The Green Flag In America


Waiting in the wings were the violent men, led again by the durable founder of the Clan-na-Gael, John Devoy. In 1900 he had resurfaced with a new partner, a New York politician of considerable skill, Judge Daniel Cohalan. The new Clan made contact with the moribund Irish Revolutionary Brotherhood in Ireland, but neither could do much in the face of John Redmond’s reborn home-rule government. At the height of Redmond’s success, before the war, an Irish leader of the IRB admitted that their total membership would have had trouble filling a concert hall.

Lack of a majority did not trouble either the Clan or the IRB. Like all revolutionary conspirators, they lived on their mystic faith in a dramatic awakening of the people.

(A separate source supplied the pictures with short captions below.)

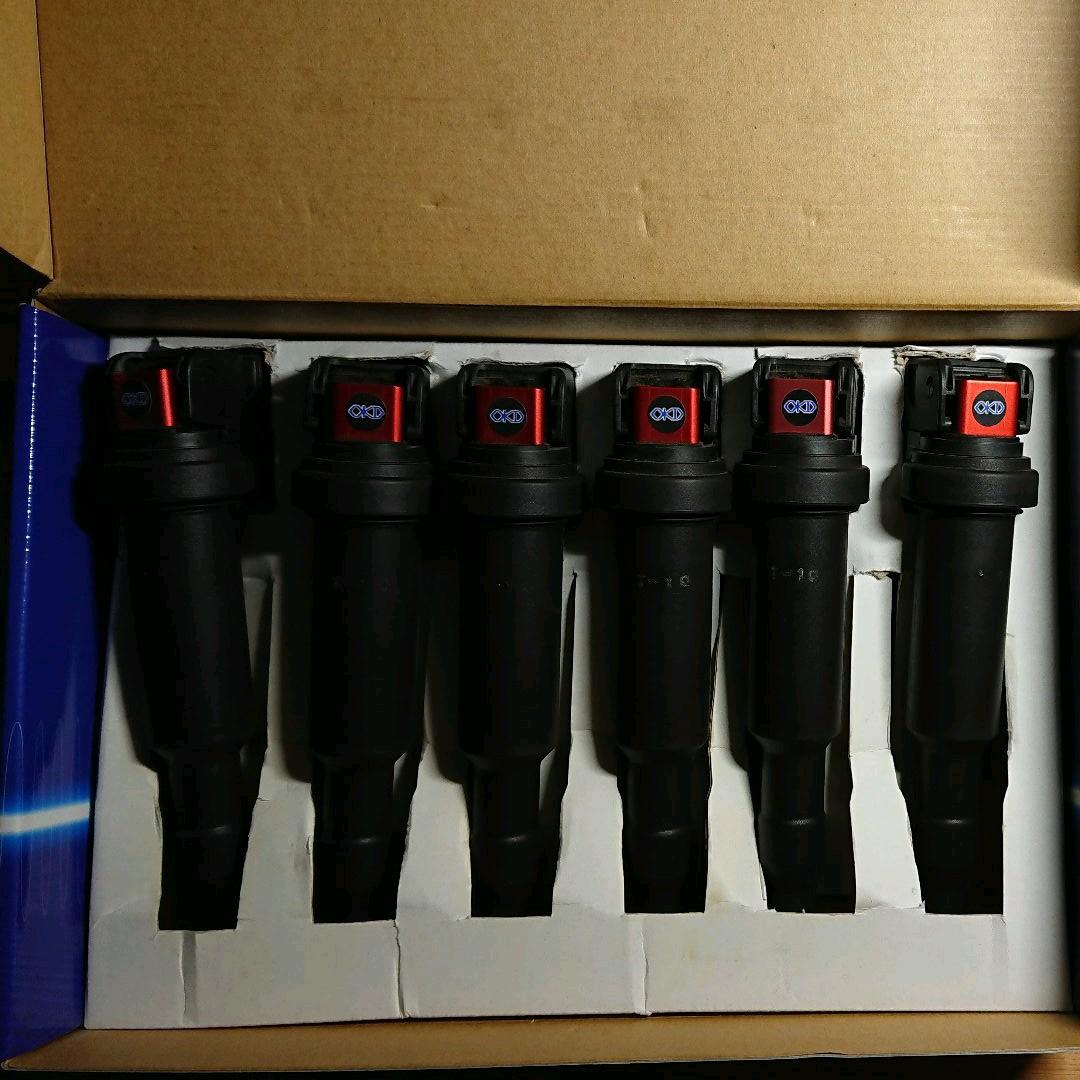 オカダプロジェクトのプラズマダイレクト R56 前期 オカダプロジェクト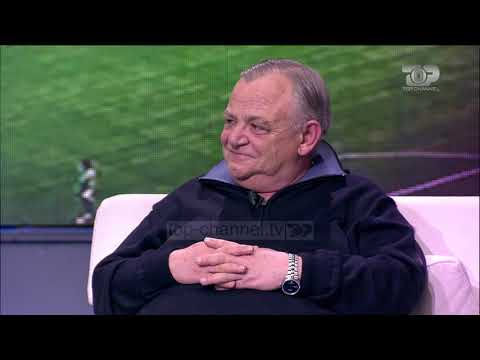 Dybala mahnit studion me golin ndaj Interit - Procesi Sportiv, 9 Mars 2020, Pjesa 3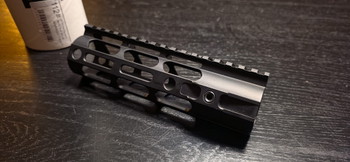 Image 2 for MTW handguard Invictus M-Lock advanced 7 inch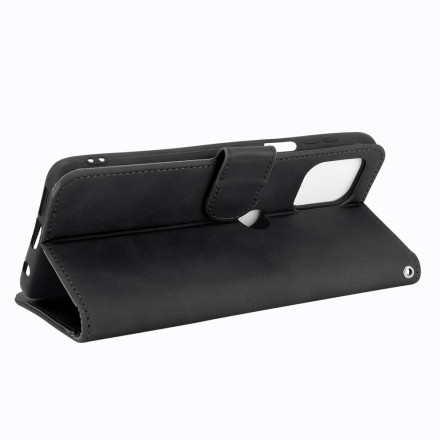 Funda Skin-Touch para el Moto G100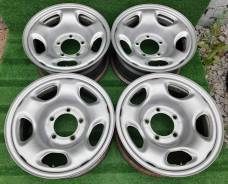 Suzuki. 7.0x16", 5x139.7, ET5, �� 108,1���. ����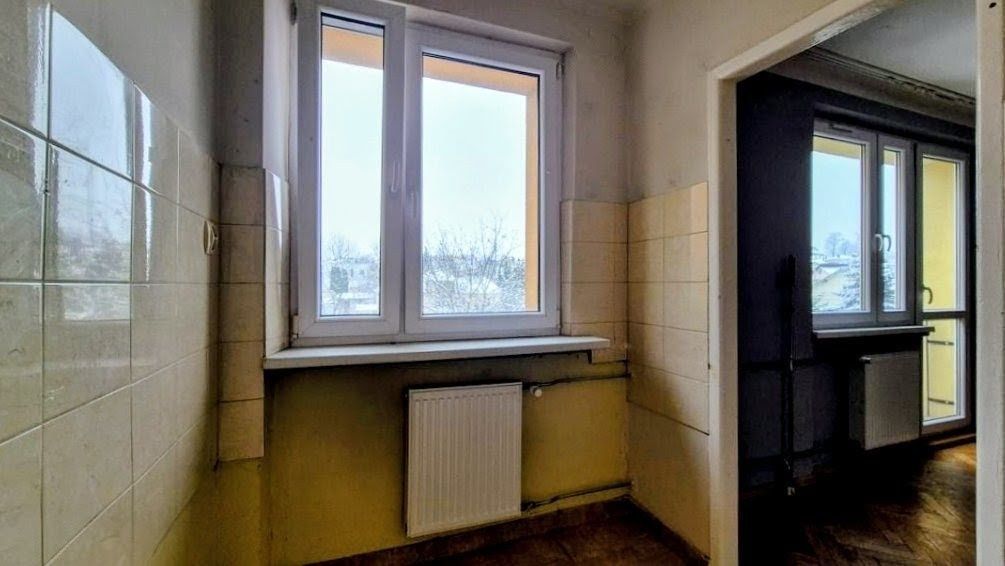 Mieszkanie 2-pokojowe Dąbrowa Tarnowska, os. Kościuszki. Zdjęcie 2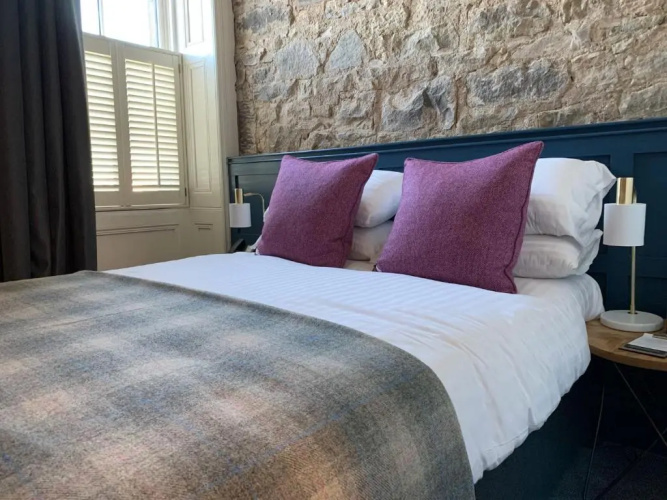 The Balerno Inn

Stirred to new life by the Clan, in 1914 the IRB sent the poet Patrick Pearse to America to confer with Devoy and other “greyhaired Fenians.” Pearse was astonished by their uncompromising militancy, and unshaken faith in Ireland’s republican destiny. “There were no such men in Ireland,” he said.

It would be hard to imagine a time of England’s trouble more propitious for Ireland’s opportunity than 1914. Britain’s small professional army was being slaughtered in the mud of France. Ironically, at the moment when Ireland’s Revolutionists were again turning to their American cousins for help, imperial England did the same thing. A propaganda war of awesome proportions erupted between the Anglophiles and the Irish-Americans.

The Irish already had expended considerable energy trying to prevent an American-British rapprochement . They had forced Grover Cleveland to demand the recall of a British ambassador when he stupidly remarked that Cleveland’s election meant good news for British interests in America. They had blocked an attempt to pass an arbitration treaty with England in 1897 and 1905, causing Theodore Roosevelt’s Secretary of State, John Hay, to exclaim: “The Irish are thirsting for my gore.” In 1907 the Ancient Order of Hibernians signed an agreement with the National German-American Alliance to oppose American entanglements with any foreign power.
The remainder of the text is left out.